1 year ago
Python Question

Remove All Commas Between Quotes

I'm trying to remove all commas that are inside quotes (

) with python:

'please,remove all the commas between quotes,"like in here, here, here!"'
^ ^

I tried this, but it only removes the first comma inside the quotes:

re.sub(r'(".*?),(.*?")',r'\1\2','please,remove all the commas between quotes,"like in here, here, here!"')

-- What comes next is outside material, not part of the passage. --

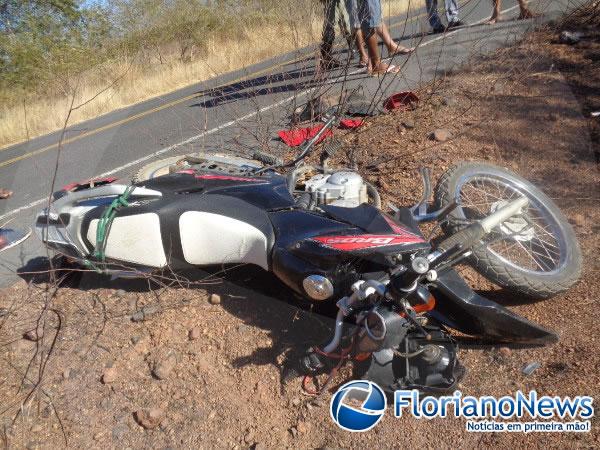 Colisão entre carro e moto deixa uma vítima fatal na Rodovia que liga Floriano a Itaueira.(Imagem:FlorianoNews)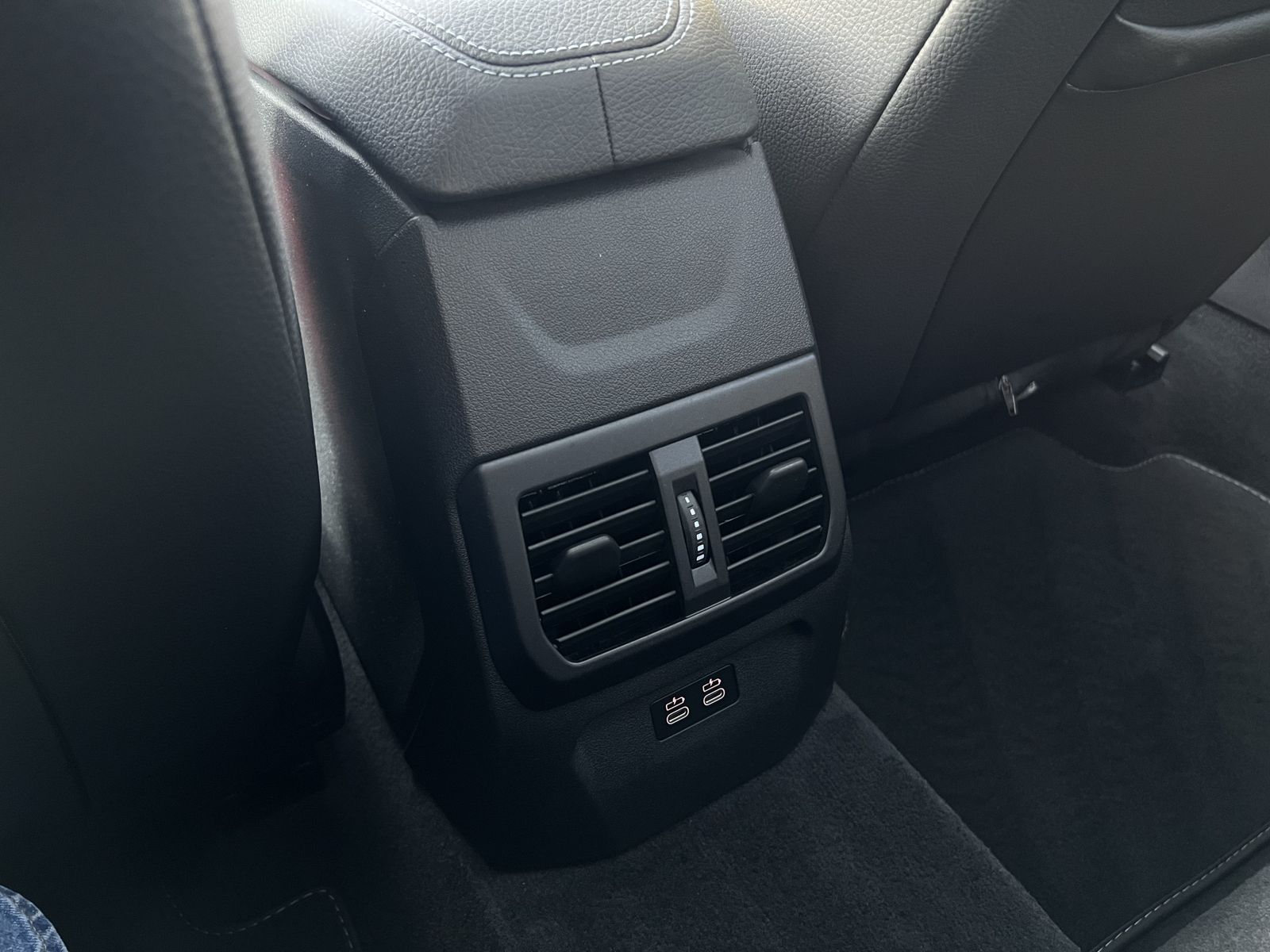 BMW 220 Gran Coupé - Bild 36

'please,remove all the commas between quotes,"like in here here, here!"'

How can I make it remove all the commas inside the quotes?

Answer Source

Assuming you don't have unbalanced or escaped quotes, you can use this regex based on negative lookahead:

>>> str = r'foo,bar,"foobar, barfoo, foobarfoobar"'
>>> re.sub(r'(?!(([^"]*"){2})*[^"]*$),', '', str)
'foo,bar,"foobar barfoo foobarfoobar"'

This regex will find commas if those are inside the double quotes by using a negative lookahead to assert there are NOT even number of quotes after the comma.

Note about the lookaead (?!...):

  • ([^"]*"){2} finds a pair of quotes
  • (([^"]*"){2})* finds 0 or more pair of quotes
  • [^"]*$ makes sure we don't have any more quotes after last matched quote
  • So (?!...) asserts that we don't have even number of quotes ahead thus matching commas inside the quoted string only.